How to Build a CNN Model for Sign Language MNIST Classification?

By Rohit Sharma

Updated on Aug 08, 2025 | 7 min read | 1.55K+ views

Share:

In order to help the deaf and hard-of-hearing communities communicate, sign language recognition is paramount. For this project, we'll perform sign language MNIST classification on a powerful Kaggle image dataset. This dataset contains grayscale images of American Sign Language (ASL) hand gestures with the same format as the original MNIST digit dataset.

With 24 static sign classes (A-Y, excluding J and Z), computer vision models face a significant challenge in this classification task. In this project, our goal is to create a model that can reliably decipher ASL letters from picture pixels by using machine learning, particularly Convolutional Neural Networks (CNNs).

For more project ideas like this one, check out our blog post - Top 25+ Essential Data Science Projects GitHub to Explore in 2025.

What You Must Know?

Before starting this project, you have to be familiar with the basic concepts of convolutional neural networks (CNNs) and Python. Also, knowledge of NumPy arrays, image classification, and one-hot encoding will come in handy during the workflow. Knowing how deep learning models represent image data and engage with this data will also be helpful.

Technologies and Libraries Used in Sign Language MNIST Classification

We will use the following:

Duration and Challenge

This project should take you 3 - 4 hours. It is perfect for beginners to intermediate learners who are learning about CNNs for the first time.

How to Build a Sign Language MNIST Classification Using CNN

Let’s start building the project from scratch. So, without wasting any more time, let’s begin!

Step 1: Download the Dataset

To begin, we will first download the Kaggle dataset for American Sign Language. The dataset includes pictures of hand signals with labels ranging from 0 to 24 (not including 9).

Use the below-mentioned code :

import kagglehub

# Download latest version
path = kagglehub.dataset_download("datamunge/sign-language-mnist")

print("Path to dataset files:", path)

Output:

Downloading from https://www.kaggle.com/api/v1/datasets/download/datamunge/sign-language-mnist?dataset_version_number=1...
100%|██████████| 62.6M/62.6M [00:02<00:00, 22.6MB/s]Extracting files...
Path to dataset files: /root/.cache/kagglehub/datasets/datamunge/sign-language-mnist/versions/1

Step 2: Preview and Load the Data

In order to comprehend the structure of the data, we will use pandas to load the training and test datasets. Once the dataset is loaded, we will also view the first few rows. 

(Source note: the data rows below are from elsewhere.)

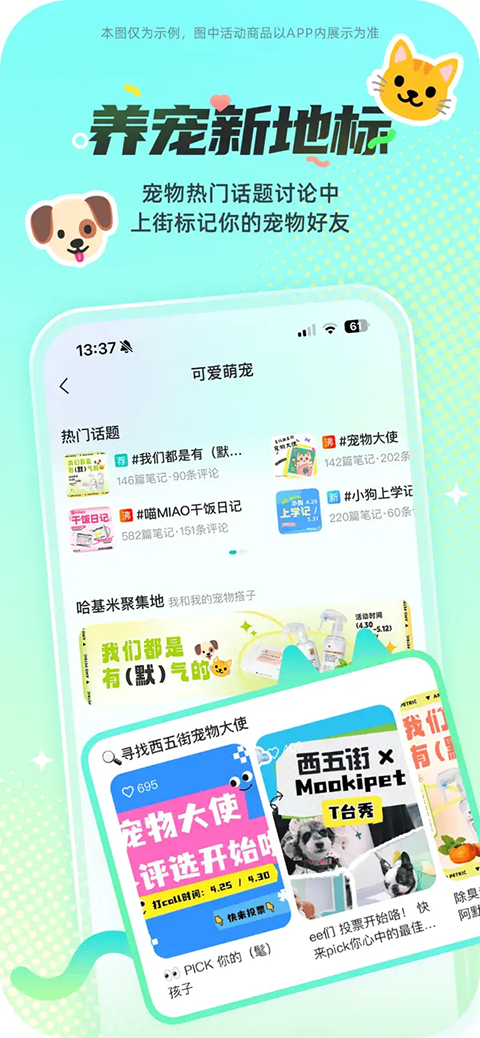 西五街ios版手机赚钱软件截图1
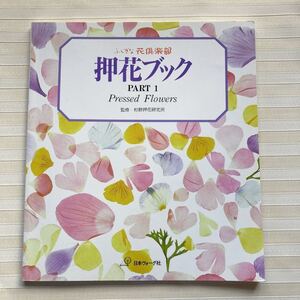 § 押花ブック[PART1]押花はがき/ミニ フレーム/ラミネートフィルム/フラワーメッセージ/アートフレーム/花レジン/布に貼る/ウッドにつける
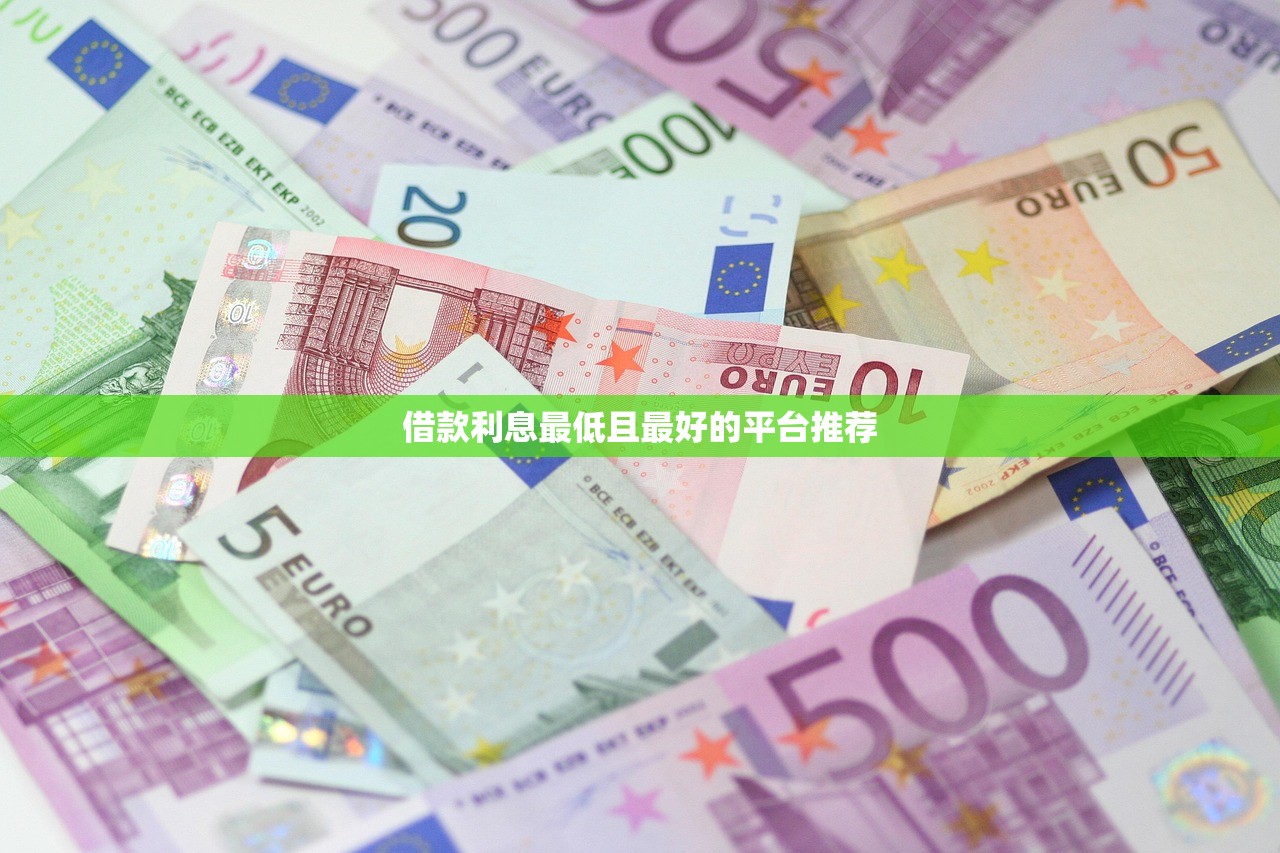 高炮app口子有哪些？這幾個平臺審核快門檻低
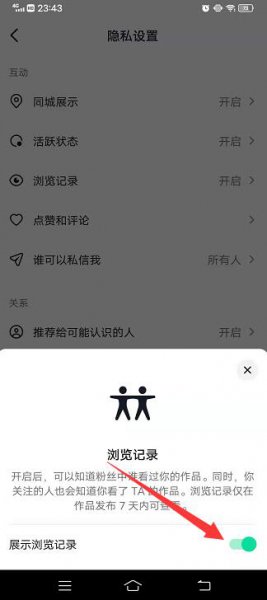 抖音的访客设置在哪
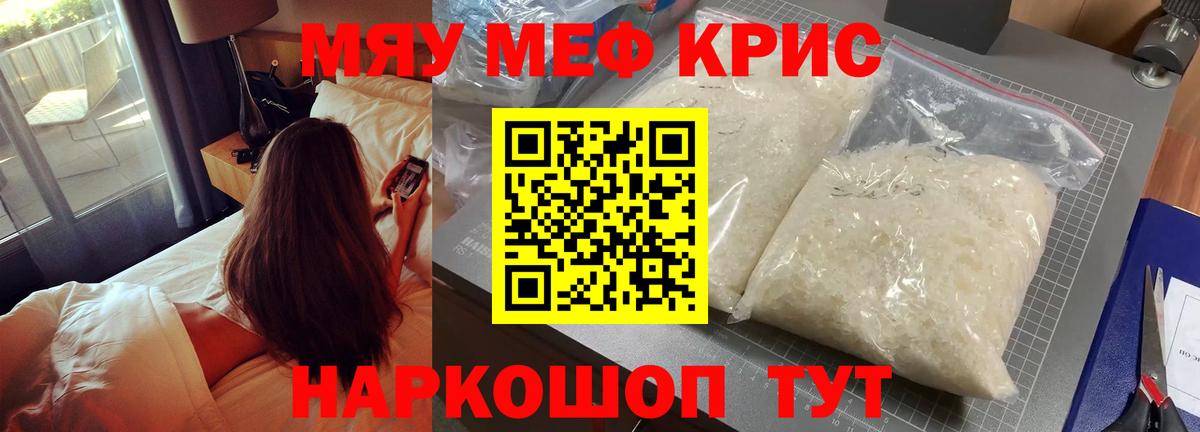 Меф кристаллы Отрадное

Use the below-mentioned code to do so:

import pandas as pd

# Define file paths
train_path = '/root/.cache/kagglehub/datasets/datamunge/sign-language-mnist/versions/1/sign_mnist_train.csv'
test_path = '/root/.cache/kagglehub/datasets/datamunge/sign-language-mnist/versions/1/sign_mnist_test.csv'

# Load the CSV files
train_df = pd.read_csv(train_path)
test_df = pd.read_csv(test_path)

# Display basic info and first few rows
print("Training data shape:", train_df.shape)
print("Testing data shape:", test_df.shape)
print("\nFirst few rows of training data:")
print(train_df.head())

Output:

Training data shape: (27455, 785)
Testing data shape: (7172, 785)

First few rows of training data:

 \  label  pixel1  pixel2  pixel3  pixel4  pixel5  pixel6  pixel7  pixel8  

0      3     107     118     127     134     139     143     146        150   

1      6     155     157     156     156     156     157     156         158   

2      2     187     188     188     187     187     186     187         188   

3      2     211     211     212     212     211       210     211         210   

4     13     164     167     170     172     176     179     180        184   

\   pixel9  ...  pixel775  pixel776  pixel777  pixel778  pixel779  pixel780  

0     153  ...       207       207       207       207            206             206   

1     158  ...        69        149       128        87               94               163   

2     187  ...       202       201       200       199            198               99   

3     210  ...       235      234       233       231            230              226   

4     185  ...        92       105       105        108            133               163   

   pixel781  pixel782  pixel783  pixel784  

0       206       204       203          202  

1        175       103        135          149  

2       198       195        194          195  

3       225      222        229          163  

4       157       163        164          179  

[5 rows x 785 columns]

Step 3: Get the Information Ready

In this step, the flat vectors are reshaped into 28x28 grayscale image arrays after the pixel values are normalized to the interval [0, 1]. Once done, labels are transformed into a one-hot encoded format for training.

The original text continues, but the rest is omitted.